→ Task requirements
Pictures excluded, retype the lines from the one containing "Kitchens With 2" through the last line of the data below, both included.

→ Data provided
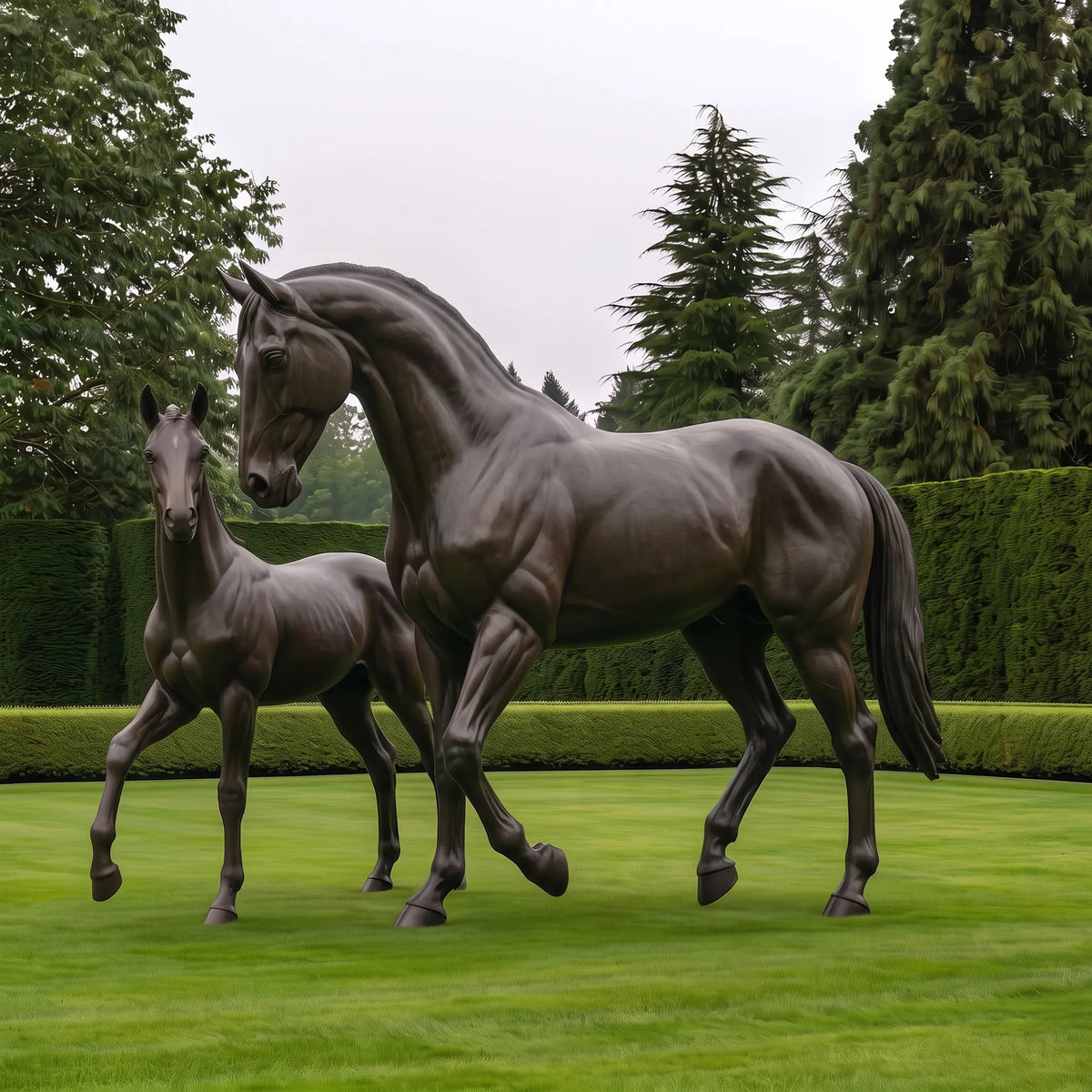 Dark bronze mare and foal sculpture with realistic muscular details, gently lowered heads, and walking poses on a lawn surrounded by manicured hedges and tall trees.
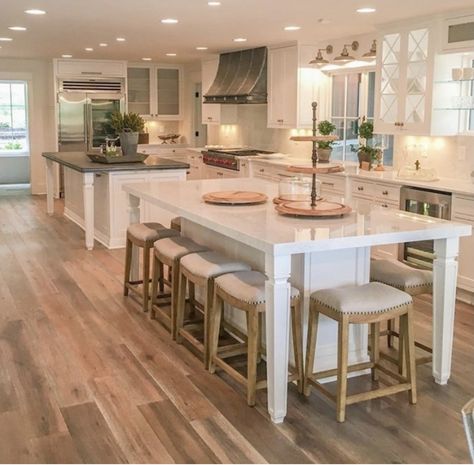 Kitchens With 2 Island, Kitchen Layout Ideas With Double Island, Super Long Kitchen Island, Double Island Kitchen Layout Side By Side, Double Island With Seating, Large Pantry With Island, Long Island With Table Attached, Kitchen Island Next To Dining Table, Extra Long Island Kitchen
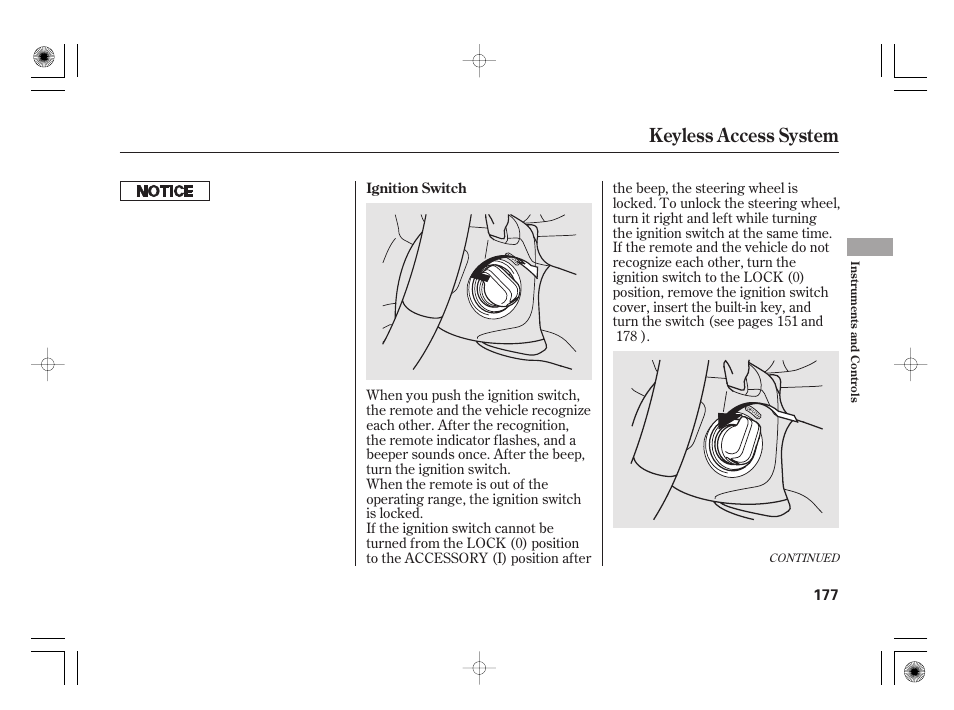Keyless access system | Acura 2011 RL User Manual | Page 183 / 562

→ Response for this exercise
 Kitchens With 2 Island, Kitchen Layout Ideas With Double Island, Super Long Kitchen Island, Double Island Kitchen Layout Side By Side, Double Island With Seating, Large Pantry With Island, Long Island With Table Attached, Kitchen Island Next To Dining Table, Extra Long Island Kitchen
Keyless access system | Acura 2011 RL User Manual | Page 183 / 562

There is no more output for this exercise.